Between the Dead Sea Scrolls and the references in Josephus and other ancient writers, a fairly clear history of the Essenes can be pieced together. They emerged out of the tangled religious politics of the kingdom of Judea in the second century BCE, as a group of puritanical Jews convinced that the Judaism of their time had gone astray and they themselves were the only true worshippers of the Jewish god. They left Jerusalem and, after 20 years of uncertainty, settled at Qumran under the direction of a leader called the Teacher of Righteousness. Convinced that the Messiah would soon appear, destroy their enemies, and make them rulers of the world, they remained a fringe group on the edge of the Jewish community until 68 CE, when the Qumran community was destroyed by Roman soldiers and its members killed, enslaved, or dispersed. Before the end, members of the group hid its sacred scriptures in caves near the community, where they were found nearly 2000 years later.

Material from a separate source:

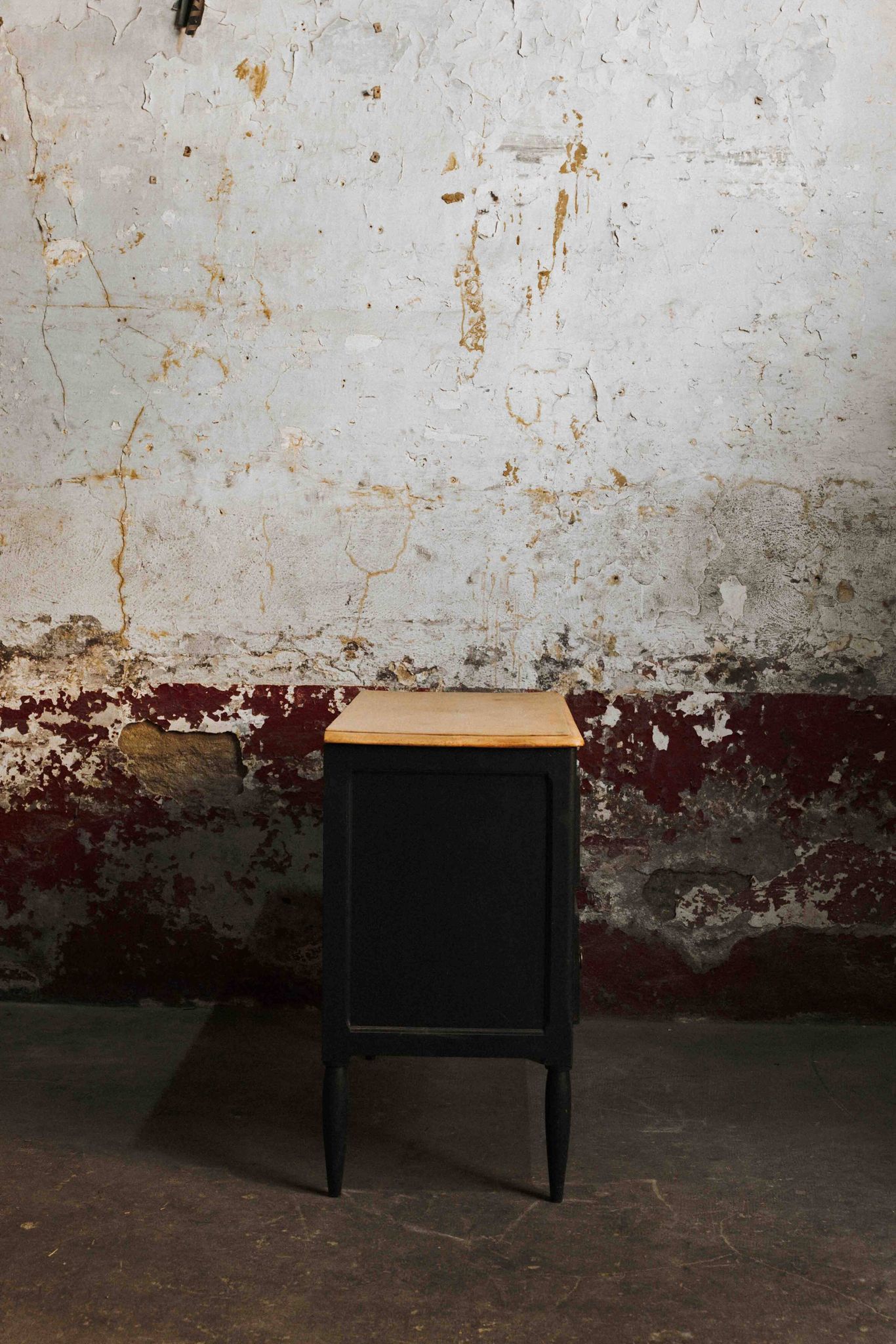 Commode noire à 2 tiroirs, plateau en bois brut et pied fuselés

The possibility that the early Christian church in Jerusalem had strong parallels with the Essenes has been much discussed among scholars, and there are certainly similarities between the Essene beliefs and those of early Christianity. Still, it is a very long leap from this to the confident assertions in many recent books of alternative history that Jesus was an Essene, for example, or that the early Church and the Essene movement were the same thing. Attempts to fasten the Essenes securely into a line of initiates reaching from ancient Egypt to Freemasonry or the like are equally difficult to justify, since the “Essene” features in Freemasonry are also found in the Old Testament and the Talmud, while the distinctive elements of Essene spirituality were lost when Qumran was destroyed and cannot be found in Freemasonry or any later tradition. See Christian origins; Freemasonry, origins of; Jesus of Nazareth.